Nella partita conclusiva troviamo invece attori in carne ed ossa e personaggi in CG "corposa" (in 3D). La partita sarà dura anche perché scorretta e impari. Ma soprattutto perché tutti cercano di giocare come LeBron, di essere come LeBron. Se però cerchi di vincere essendo qualcun altro, perderai (messaggio, messaggio!). Come non trovarsi d'accordo, ma si tratta di quelle solite "pubblicità ingannevoli", perché in caso di fallimento inducono a colpevolizzare solo se stessi, mentre sappiamo che nella vita vincere essendo se stessi non è mai facile, è tutto un adeguarsi, mitigare, smussare, calcolare, costruire.

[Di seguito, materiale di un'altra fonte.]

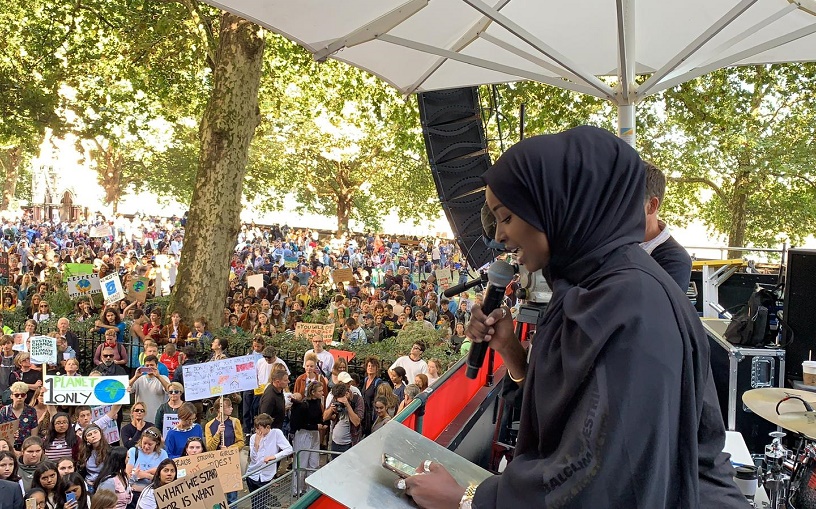 young woman addresses many climate strikers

E chi dice il contrario o è uno dei fortunati (ma pochi) o un gran bugiardo. Resta che pur sfruttando una struttura abusata e facendo leva su un messaggio scontato, nonostante tutto Space Jam: A New Legacy è un film godibile, soprattutto nello sfruttare mondi e personaggi del Warner/HBO Universe, non solo branding come si è accusato, ma vero fan-service, in un gioco di rimandi che diventa un virtuoso circolo creativo usato con humor.
Come attore il campione se la cava dignitosamente, affiancato dal ragazzino Cedric Jones, mentre Don Cheedle è il perfido Al, ultima personificazione di una A.I. maligna che non poteva che chiamarsi come il mitico computer di 2001 Odissea nello spazio. Cameo spassoso dell'attore Michael B. Jordan, dove quella B fa la differenza. L'ormai diva Zendaya dà voce a Lola Bunny, volitiva coniglietta. Nel doppiaggio, qualche cestista italiano presta la voce ai colleghi americani, ma uno ha avuto in sorte Fedez. Un DJ e un giornalista di Sky Sport doppiano i due commentatori originali.

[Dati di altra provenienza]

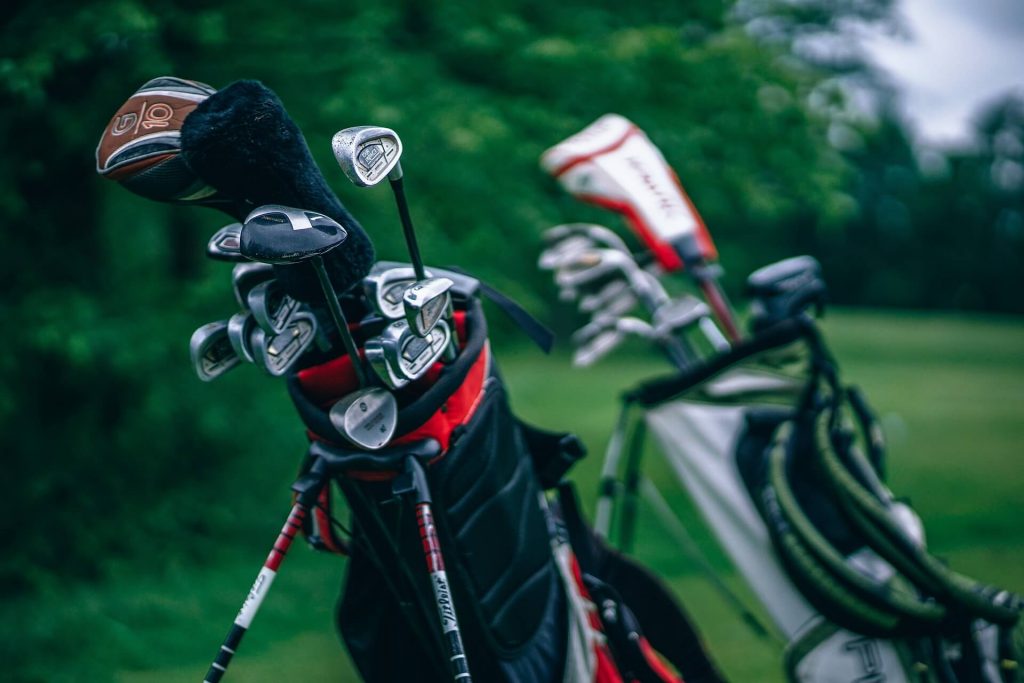 two sets of used golf clubs on course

La battuta più significativa del film, secondo noi, è però "come vinciamo contro chi controlla il gioco?". Come possiamo infatti pensare di misurarci contro un mondo di più forti, che ci impediscono ancora e ancora di andare a canestro, cambiando le regole durante il gioco, perché loro possono e quindi non si può nemmeno accusarli di barare? Su questo ci sarebbe da discutere, in ambito ben più serio di quanto si prefigga il film, per quanto LeBron abbia dimostrato più volte di ambire ad essere ben più che una figurina sportiva. Ma nell'economia del film non conta molto, è chiaro che il messaggio sentimentale è sempre ben più forte di quello "politico".